The training engine 140, the tuning engine 150, the alignment engine 160, the delta module 170, the adjustment module 180, the evaluation engine 190, and/or the action module 194 are implemented in software, hardware, or a combination thereof. In some implementations, any one or more of the training engine 140, the tuning engine 150, the alignment engine 160, the delta module 170, the adjustment module 180, the evaluation engine 190, or the action module 194 is embodied in instructions that, when executed by the processor 110, cause the computing system 100 to perform operations. In various implementations, the instructions of one or more of said components, the interface 120, the model repository 134, and/or knowledge base 138, are stored in the memory 114, the database 130, or a different suitable memory, and are in any suitable programming language format for execution by the computing system 100, such as by the processor 110. It is to be understood that the particular architecture of the computing system 100 shown in FIG. 1 is but one example of a variety of different architectures within which aspects of the present disclosure can be implemented. For example, in some implementations, components of the computing system 100 are distributed across multiple devices, included in fewer components, and so on. While the below examples related to aligning LMs/LLMs are described with reference to the computing system 100, other suitable system configurations may be used.
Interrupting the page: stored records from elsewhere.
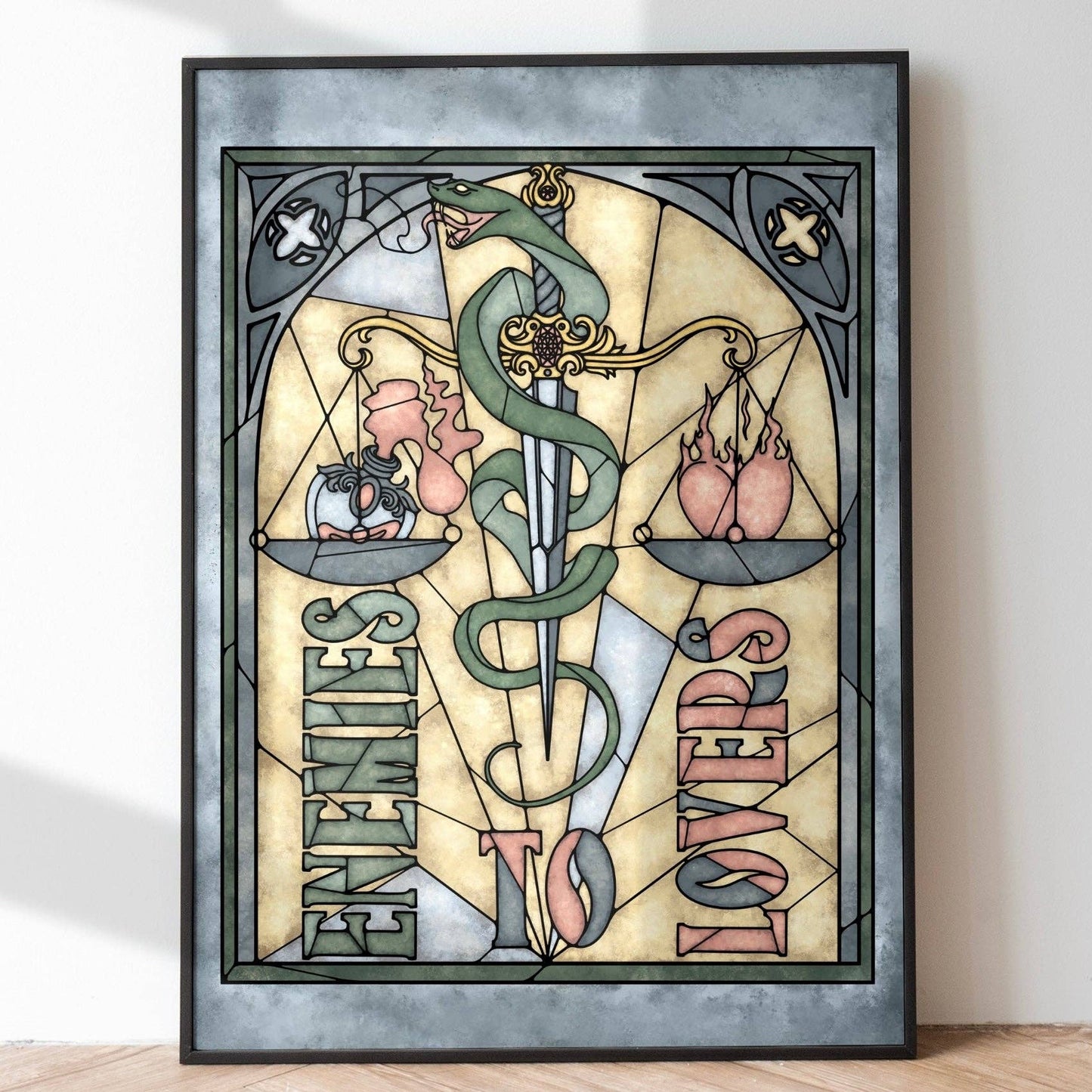 Book Tropes Enemies To Lovers Art Print - Bookish Wall Art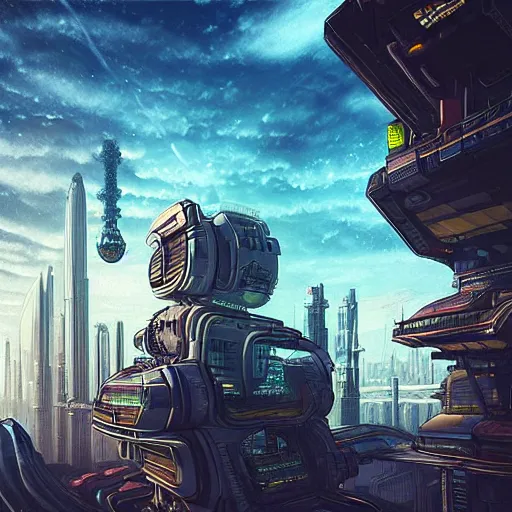 Prompt: “ a cat looking down on a futuristic city, ghostpunk, very detailed, trending on artstation ”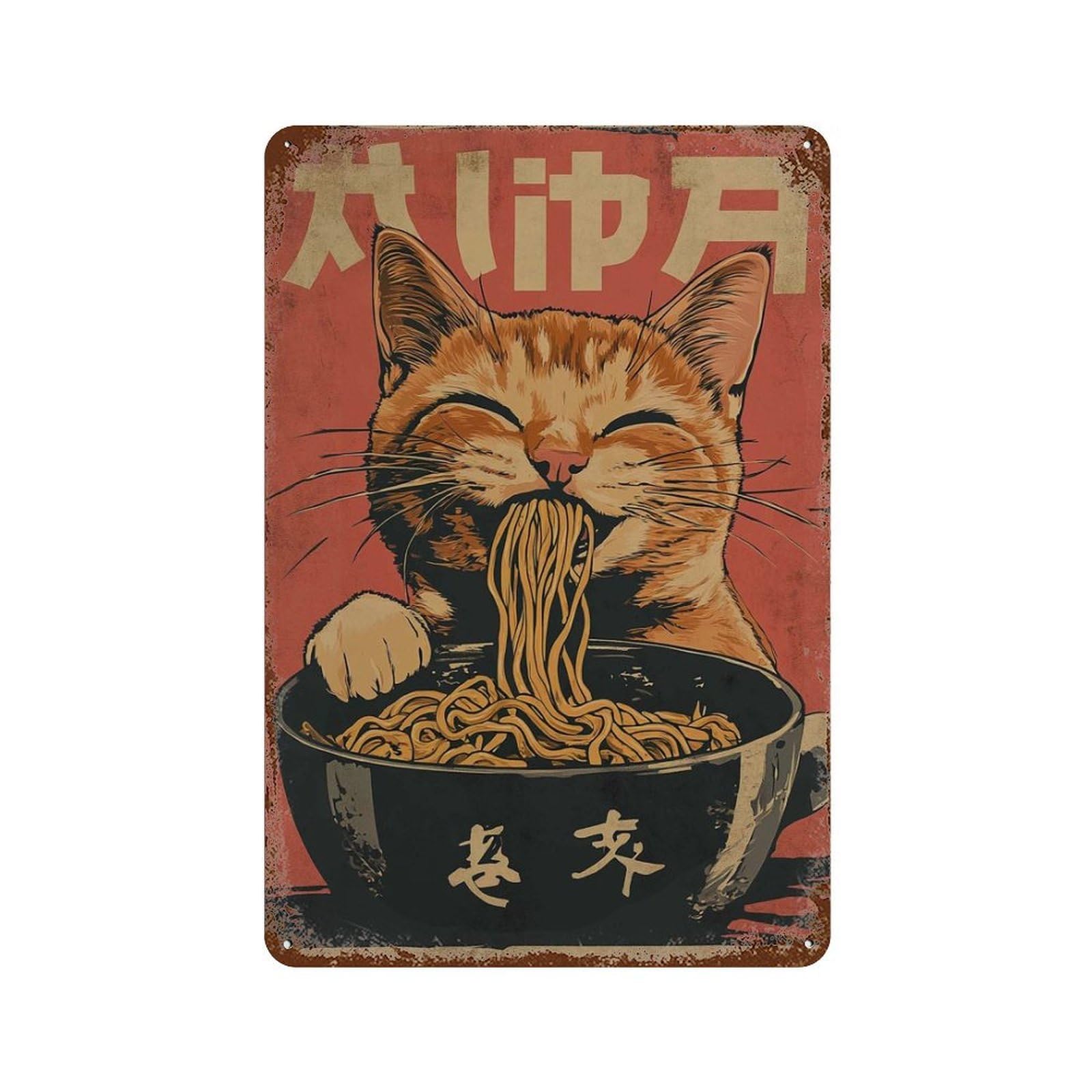 xiaoxiaoshen Cat Eating Noodles – Cute Kitten with Ramen Japanese Wall Decor Art Metal Tin Poster Modern Home Decor Art Home Bar Shop Decorations Vintage Sign 30x20cm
FIG. 2 shows an example process flow 200 for aligning a model, according to some implementations, and may be performed by a computing system, such as the computing system 100 described with respect to FIG. 1. The example process flow 200 shows a model repository 210, which may be an example of the model repository 134 described with respect to FIG. 1. The example process flow 200 starts with obtaining an unaligned model 220 including parameters 222, and obtaining delta values 232. The unaligned model 220 may be an example of a pretrained model and/or a tuned model as described with respect to FIG. 1. The unaligned model 220 and the delta values 232 may be received from the model repository 210. In some instances, the unaligned model 220 and/or the delta values 232 are received from a different source, such as the Internet. At combination 240, the parameters 222 are adjusted using the delta values 232, such as in one or more of the manners described with respect to the adjustment module 180 of FIG. 1. As a result of the adjustment, the unaligned model 220 becomes the aligned model 250 including adjusted parameters 252.

FIG. 3 shows an example process flow 300 for generating delta values, according to some implementations, and may be performed by a computing system, such as the computing system 100 described with respect to FIG. 1. The example process flow 300 shows a training engine 320, a tuning engine 350, an alignment engine 370, and a delta module 390, which may be examples of the training engine 140, the tuning engine 150, the alignment engine 160, and the delta module 170 described with respect to FIG. 1, respectively.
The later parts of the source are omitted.